Charlotte wriggled a few inches nearer the pond and stretched her arm out so that she could dabble her fingertips carelessly in the water. “I’m watching a tadpole turn into a frog,” she said.

  “That’s very interesting, isn’t it?” The voice was light. “I’d rather they stayed tadpoles, though.”

  “Would you? I like frogs.” As conversation seemed inevitable she rolled over and sat up and saw that the voice belonged to one of the secular teachers, a teacher nobody liked.

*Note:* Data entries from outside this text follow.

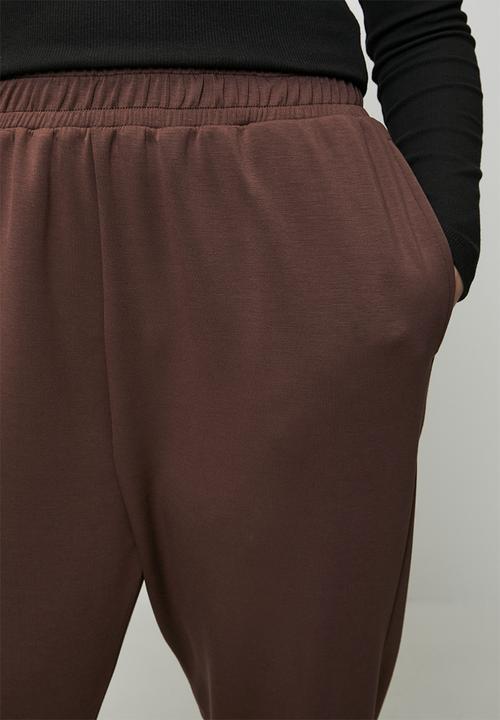 Me&B - Plus Tapered Leg Jogger - Choc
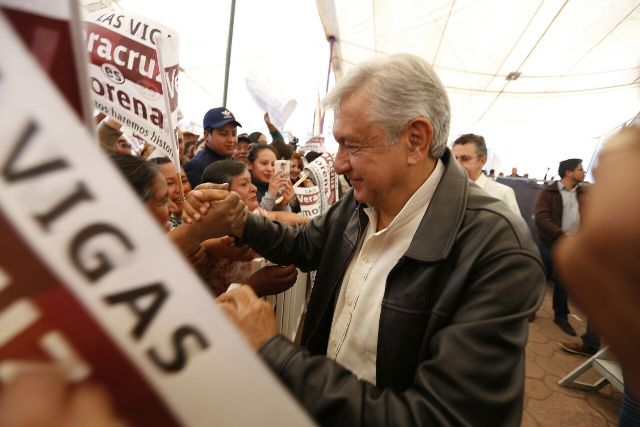 Andrés Manuel López Obrador a su llegada a Las Vigas, Veracruz, para reunirse con la militancia. 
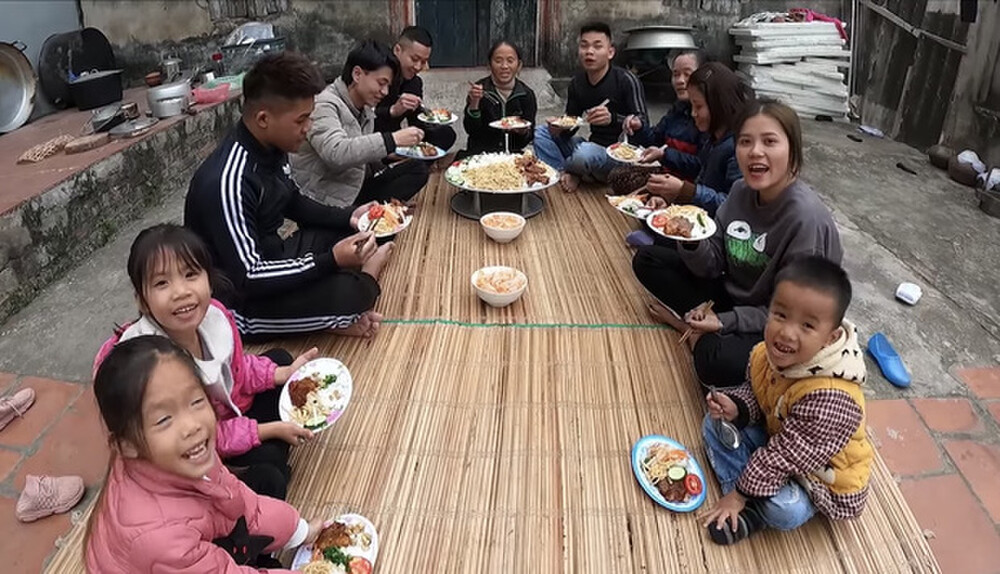 Tuy nhiên, một vài cư dân mạng lại bênh vực bà Tân cho rằng mọi người quá khắt khe với bà. Bởi, dù sao món cơm tấm cũng của miền Nam, bà là người miền Bắc thể hiện món ăn này chắc hẳn cũng sẽ có thiếu sót. "Mình nghĩ điều này cũng bình thường mà. Bà Tân lần đầu nấu món ăn này làm sao có thể mang đến sự chuẩn xác được".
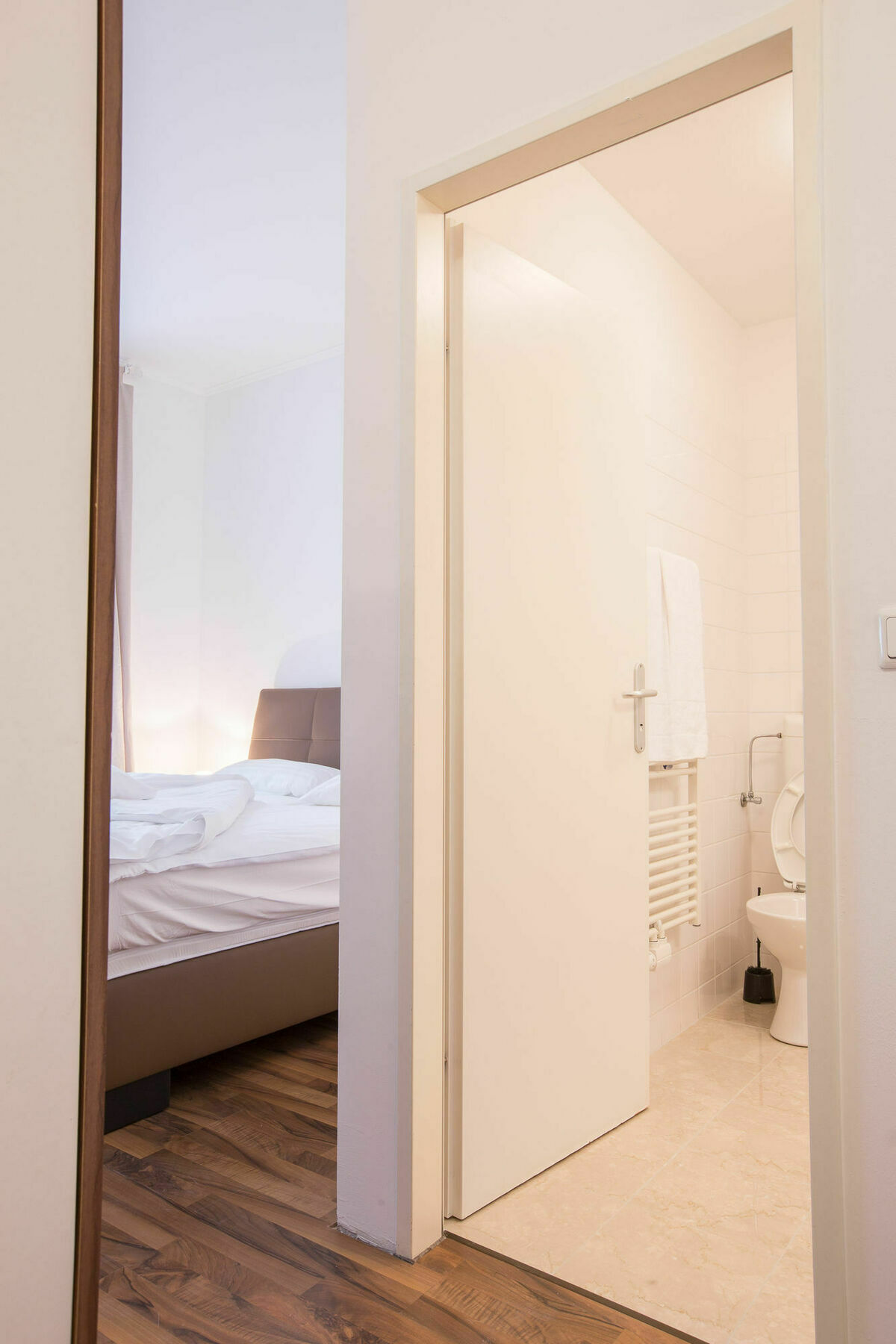 Grand Central Station Apartments I Contactless Check-In ウィーン エクステリア 写真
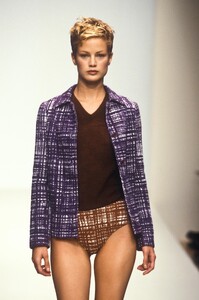 1162049745_Prada1996WomenRTW46.thumb.jpg.dd23db44ff92363d7be576863beb0512.jpg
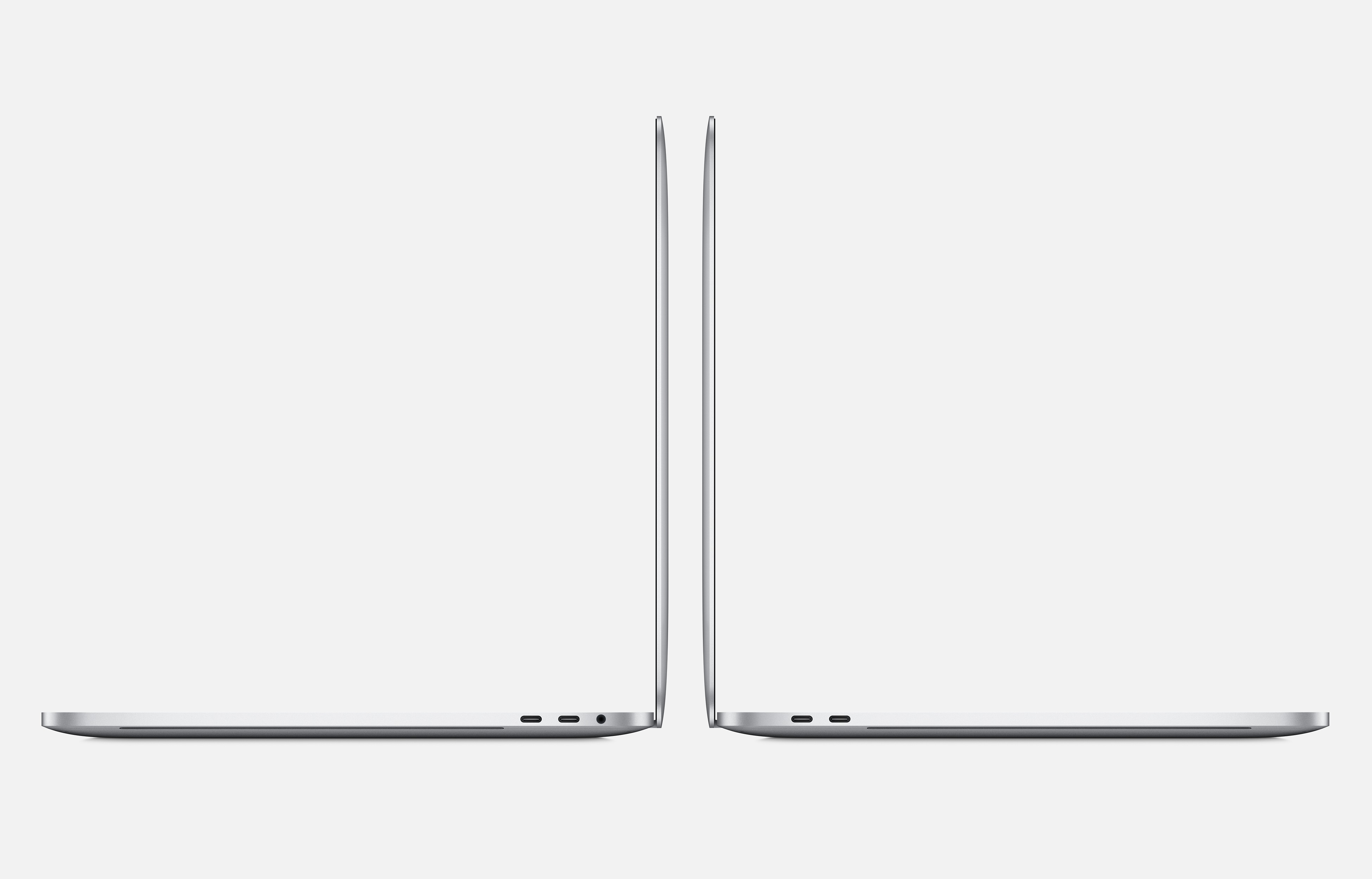 Due laptop argentati sono mostrati di lato. Gli schermi sono chiusi e il logo Apple è visibile in alto.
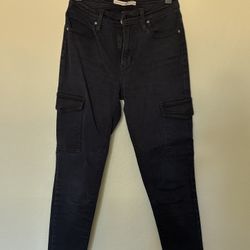 Levi's Black Ankle Cargo Jeans - 721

  “Hello, Miss Benson,” she said courteously, trying to pretend that her face was not covered with tears, covered with bits of grass, marked with lines where the twigs had pressed into it. She pulled her lips into a smile. ‘A long face is a breach of manners,’ her father had told her.

  “You may call me Sunset if you like,” the teacher said. “I’m not ashamed of having red hair.” She was a young woman in an ill-fitting tweed skirt and a baggy hand-knitted sweater and her face was hard and unhappy.

  “I don’t call you Sunset,” Charlotte said.

  “I wouldn’t mind if you did. Except for the incongruity of it. A sunset is one of the loveliest things in the world. It’s an oddly flattering nickname for me. Do you know that I came down to the frog pond just now for the same reason you did? Because I wanted to cry?”

  Charlotte looked at her, at the red hair and the too-white skin covered with freckles. Then she remembered her manners. “I’m sorry.”

  “Don’t be,” Sunset said. “It’s good to have something to cry about sometimes. That’s how you grow.” She dropped beside Charlotte at the edge of the pond and put her hand in the water, swishing it back and forth. Charlotte watched the long, knobby white hand, the back covered with fine red hairs, the nails cut off short and a little dirty. Sunset followed Charlotte’s glance. “I know my nails are dirty.” (But a teacher, even a secular teacher, shouldn’t apologize to a student. Should she?) “I’ve been digging. Up on the hill above the Roman ruins. I’ve been digging gentians and planting them in a shoebox. I suppose they’ll die, though.”